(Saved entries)
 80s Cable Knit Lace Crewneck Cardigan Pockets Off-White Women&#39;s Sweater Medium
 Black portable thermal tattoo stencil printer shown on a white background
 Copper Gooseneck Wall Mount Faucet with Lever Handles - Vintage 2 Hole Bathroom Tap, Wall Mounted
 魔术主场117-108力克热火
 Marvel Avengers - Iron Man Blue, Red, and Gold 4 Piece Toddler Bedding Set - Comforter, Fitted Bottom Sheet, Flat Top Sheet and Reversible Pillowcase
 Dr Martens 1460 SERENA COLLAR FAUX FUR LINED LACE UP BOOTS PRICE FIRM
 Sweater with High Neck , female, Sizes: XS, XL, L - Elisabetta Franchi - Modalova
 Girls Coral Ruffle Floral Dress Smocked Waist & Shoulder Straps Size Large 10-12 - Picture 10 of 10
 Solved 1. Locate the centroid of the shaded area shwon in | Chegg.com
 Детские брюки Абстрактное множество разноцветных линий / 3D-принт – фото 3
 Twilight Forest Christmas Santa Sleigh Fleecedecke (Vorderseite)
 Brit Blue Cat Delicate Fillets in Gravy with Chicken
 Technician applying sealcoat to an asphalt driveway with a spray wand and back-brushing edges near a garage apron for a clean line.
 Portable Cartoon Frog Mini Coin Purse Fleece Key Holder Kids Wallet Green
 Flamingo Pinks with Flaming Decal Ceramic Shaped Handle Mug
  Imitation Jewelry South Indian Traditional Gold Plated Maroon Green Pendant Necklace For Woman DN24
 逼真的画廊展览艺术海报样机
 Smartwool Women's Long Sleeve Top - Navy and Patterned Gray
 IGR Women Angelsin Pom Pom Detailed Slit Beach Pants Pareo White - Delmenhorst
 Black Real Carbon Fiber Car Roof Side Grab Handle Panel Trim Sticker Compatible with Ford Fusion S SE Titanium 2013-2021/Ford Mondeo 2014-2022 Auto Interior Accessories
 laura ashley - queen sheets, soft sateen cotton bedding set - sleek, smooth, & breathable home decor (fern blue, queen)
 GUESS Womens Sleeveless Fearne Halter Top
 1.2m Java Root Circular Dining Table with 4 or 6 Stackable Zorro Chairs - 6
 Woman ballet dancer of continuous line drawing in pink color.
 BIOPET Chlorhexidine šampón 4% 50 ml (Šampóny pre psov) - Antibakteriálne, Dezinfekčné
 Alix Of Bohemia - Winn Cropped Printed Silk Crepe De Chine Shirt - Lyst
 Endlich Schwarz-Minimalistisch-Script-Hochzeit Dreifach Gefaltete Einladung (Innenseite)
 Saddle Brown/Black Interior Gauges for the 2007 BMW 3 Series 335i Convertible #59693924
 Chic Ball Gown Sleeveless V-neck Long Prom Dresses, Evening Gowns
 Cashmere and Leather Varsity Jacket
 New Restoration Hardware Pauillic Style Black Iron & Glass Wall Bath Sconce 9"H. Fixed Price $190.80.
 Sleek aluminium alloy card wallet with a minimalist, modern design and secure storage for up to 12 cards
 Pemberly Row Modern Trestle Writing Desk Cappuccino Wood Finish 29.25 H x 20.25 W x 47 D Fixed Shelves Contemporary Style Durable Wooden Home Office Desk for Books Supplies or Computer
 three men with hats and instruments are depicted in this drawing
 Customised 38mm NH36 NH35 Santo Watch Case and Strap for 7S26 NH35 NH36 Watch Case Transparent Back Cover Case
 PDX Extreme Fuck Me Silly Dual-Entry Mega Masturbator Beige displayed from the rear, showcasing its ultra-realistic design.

→ **What the task requires**
The response should consist of every record, written out exactly as given.

→ **Result**
 80s Cable Knit Lace Crewneck Cardigan Pockets Off-White Women&#39;s Sweater Medium
 Black portable thermal tattoo stencil printer shown on a white background
 Copper Gooseneck Wall Mount Faucet with Lever Handles - Vintage 2 Hole Bathroom Tap, Wall Mounted
 魔术主场117-108力克热火
 Marvel Avengers - Iron Man Blue, Red, and Gold 4 Piece Toddler Bedding Set - Comforter, Fitted Bottom Sheet, Flat Top Sheet and Reversible Pillowcase
 Dr Martens 1460 SERENA COLLAR FAUX FUR LINED LACE UP BOOTS PRICE FIRM
 Sweater with High Neck , female, Sizes: XS, XL, L - Elisabetta Franchi - Modalova
 Girls Coral Ruffle Floral Dress Smocked Waist & Shoulder Straps Size Large 10-12 - Picture 10 of 10
 Solved 1. Locate the centroid of the shaded area shwon in | Chegg.com
 Детские брюки Абстрактное множество разноцветных линий / 3D-принт – фото 3
 Twilight Forest Christmas Santa Sleigh Fleecedecke (Vorderseite)
 Brit Blue Cat Delicate Fillets in Gravy with Chicken
 Technician applying sealcoat to an asphalt driveway with a spray wand and back-brushing edges near a garage apron for a clean line.
 Portable Cartoon Frog Mini Coin Purse Fleece Key Holder Kids Wallet Green
 Flamingo Pinks with Flaming Decal Ceramic Shaped Handle Mug
  Imitation Jewelry South Indian Traditional Gold Plated Maroon Green Pendant Necklace For Woman DN24
 逼真的画廊展览艺术海报样机
 Smartwool Women's Long Sleeve Top - Navy and Patterned Gray
 IGR Women Angelsin Pom Pom Detailed Slit Beach Pants Pareo White - Delmenhorst
 Black Real Carbon Fiber Car Roof Side Grab Handle Panel Trim Sticker Compatible with Ford Fusion S SE Titanium 2013-2021/Ford Mondeo 2014-2022 Auto Interior Accessories
 laura ashley - queen sheets, soft sateen cotton bedding set - sleek, smooth, & breathable home decor (fern blue, queen)
 GUESS Womens Sleeveless Fearne Halter Top
 1.2m Java Root Circular Dining Table with 4 or 6 Stackable Zorro Chairs - 6
 Woman ballet dancer of continuous line drawing in pink color.
 BIOPET Chlorhexidine šampón 4% 50 ml (Šampóny pre psov) - Antibakteriálne, Dezinfekčné
 Alix Of Bohemia - Winn Cropped Printed Silk Crepe De Chine Shirt - Lyst
 Endlich Schwarz-Minimalistisch-Script-Hochzeit Dreifach Gefaltete Einladung (Innenseite)
 Saddle Brown/Black Interior Gauges for the 2007 BMW 3 Series 335i Convertible #59693924
 Chic Ball Gown Sleeveless V-neck Long Prom Dresses, Evening Gowns
 Cashmere and Leather Varsity Jacket
 New Restoration Hardware Pauillic Style Black Iron & Glass Wall Bath Sconce 9"H. Fixed Price $190.80.
 Sleek aluminium alloy card wallet with a minimalist, modern design and secure storage for up to 12 cards
 Pemberly Row Modern Trestle Writing Desk Cappuccino Wood Finish 29.25 H x 20.25 W x 47 D Fixed Shelves Contemporary Style Durable Wooden Home Office Desk for Books Supplies or Computer
 three men with hats and instruments are depicted in this drawing
 Customised 38mm NH36 NH35 Santo Watch Case and Strap for 7S26 NH35 NH36 Watch Case Transparent Back Cover Case
 PDX Extreme Fuck Me Silly Dual-Entry Mega Masturbator Beige displayed from the rear, showcasing its ultra-realistic design.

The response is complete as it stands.